I knew that I was bigger then most girls my age. I don’t remember when it started bothering me. I do know that I was always told I was loved just the way I was, that God had made me just the way I was and that I was made with purpose and design. The message my brain got was to accept my size because that was the way I was made and was supposed to be. But somewhere in my head I did not feel comfortable in my skin. I remember feeling misunderstood and I have several memories of specific situations where people did not listen, or I was laughed at for not understanding something. I did not know I could stand up for myself. I was lonely. I felt unloved. I know my family loved me then and love me now. Knowing something in your head is different to knowing it in your heart. Maybe this was all normal for a teenage girl? I don’t know. But I ate for comfort, for acceptance and fulfilment and I ate in secret.
In my last year of school, I got some award for being the nicest person in the year. I don’t remember what the award was for but that was what I joked about at the time. I was super nice and helpful and considerate. I was the fat girl and that was the only way I knew to fit in. Being fat was ok, because I was loved and accepted for who I was. And by that time I was not the only overweight one in my extended family. There were several of us cousins who had put on weight, who carried it well, who enjoyed food and alcohol, who were loved and accepted and it was never an issue.

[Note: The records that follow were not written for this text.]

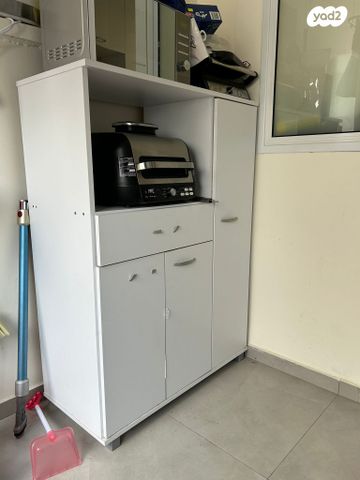 ארונית למיקרוגל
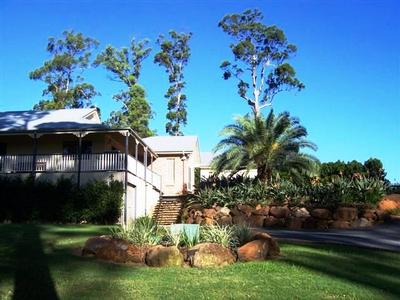 Luxury Living in a Large Modern Queenslander Artchitect Designer Home on Magificicently Landscaped Gardens Picture
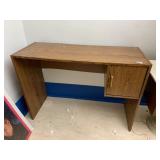 WOODEN DESK, SINGLE PEDESTAL W/ CABINET DOOR,
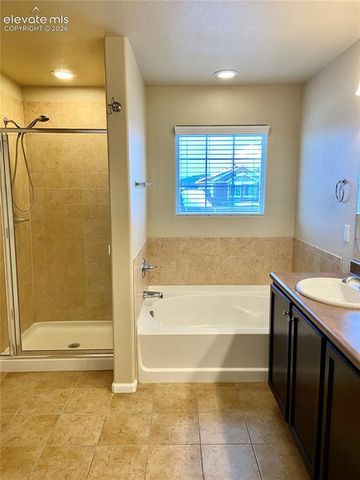 6355 Bearcat Loop, Colorado Springs, CO 80925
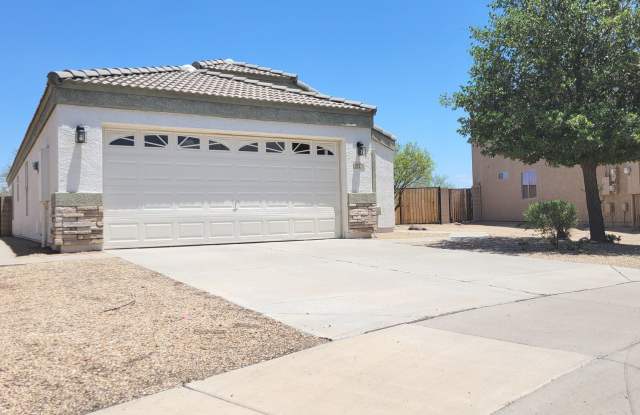 Upgraded 3 Bedroom With Bonus Room photos photos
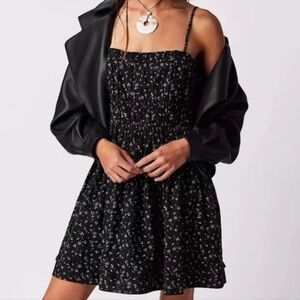 FreePeople Gabby Ditzy Floral Mini Dress smocked stretches, pockets NWOT size S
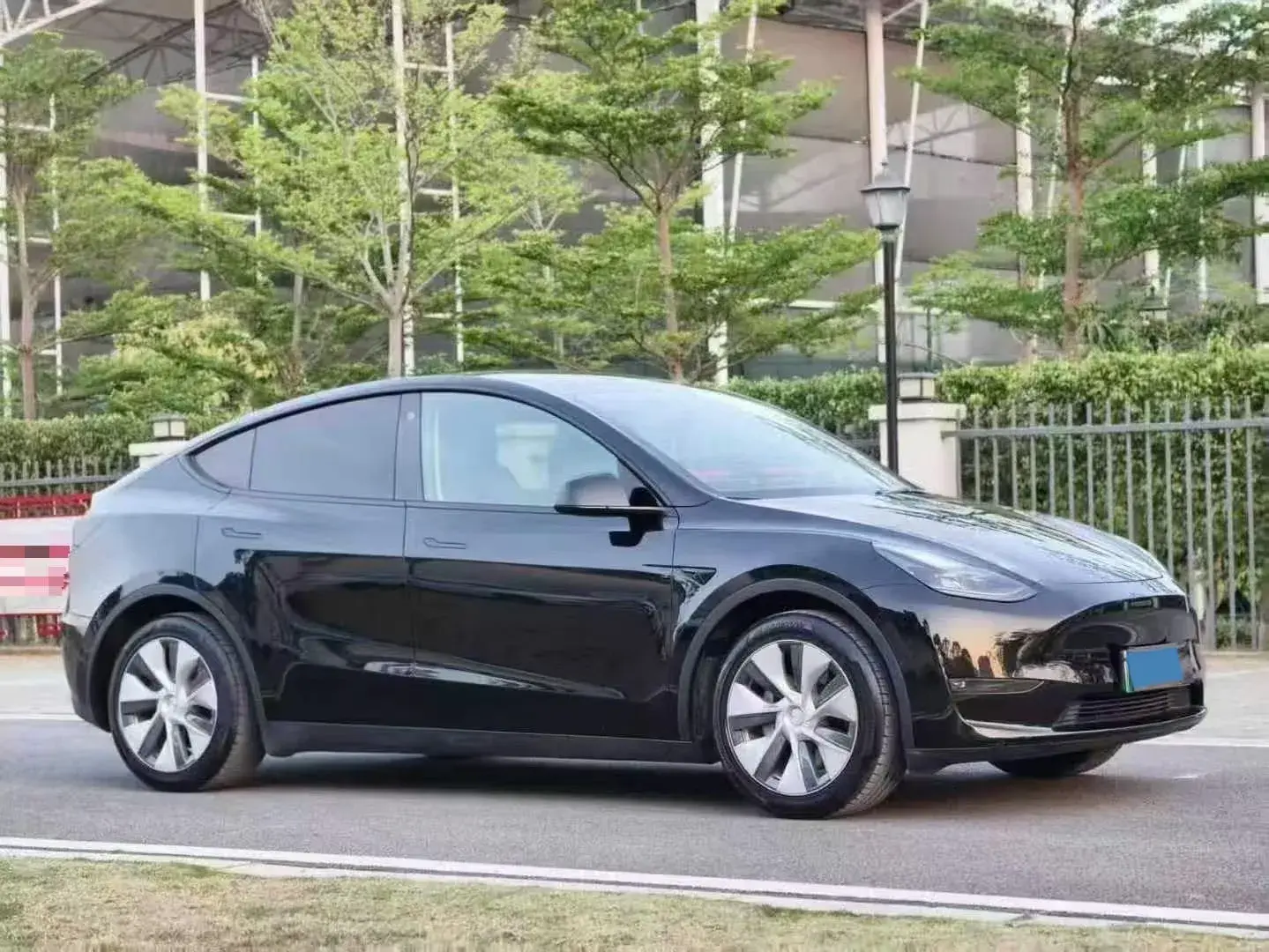 2021 TESLA MODEL thumbnail 3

Fitness was not a priority growing up. I played netball but as a family we did not do any health/fitness/exercise things really together. I remember mum riding on the exercise bike, night after night, going nowhere. But exercise was something I was happy not to do. So I didn’t.
So many mixed messages! So much confusion and insecurity. And I ate because I did not know any other way to cope.
I am very fortunate that I don’t have a terrible story in my past which drove me to eat. It makes it hard to understand why I did. It was just life.
So, what can I learn? That accepting myself is different from wanting to be healthy. I have done alot of work on understanding myself in the last 7 years and for the last 5 I have been happy to be me. I like who I am. This is a big change from the 18-28 year old girl that I once was. I want to respect the person that I am. I want to live long life. I want to know that I can run if I want to. I want to look after myself physically, emotionally, mentally and spiritually. And part of that is losing weight.
Food is not a source of comfort or acceptance. Food is just food. It can be delicious. I can enjoy it, the cooking and the sharing of it. But if I need comfort then I need to look elsewhere. If I am stressed, I need to work on resolving that stress, not just eating it away. And if I need reassurance from my man, from my family, I need to ask them and not turn to food.
Having thought about it has made it easier. I can understand how and why. But I can’t continue on that path. It would kill me. So, I am changing. I am no longer that scared, confused girl. I am a strong woman and I will make the changes I need to make. I won’t stop when I get to a healthy weight because then the focus shifts to maintaining a healthy weight. This journey needs to be about so much more than just losing weight; it is about having a healthy body, a healthy mind and being active as I grow older.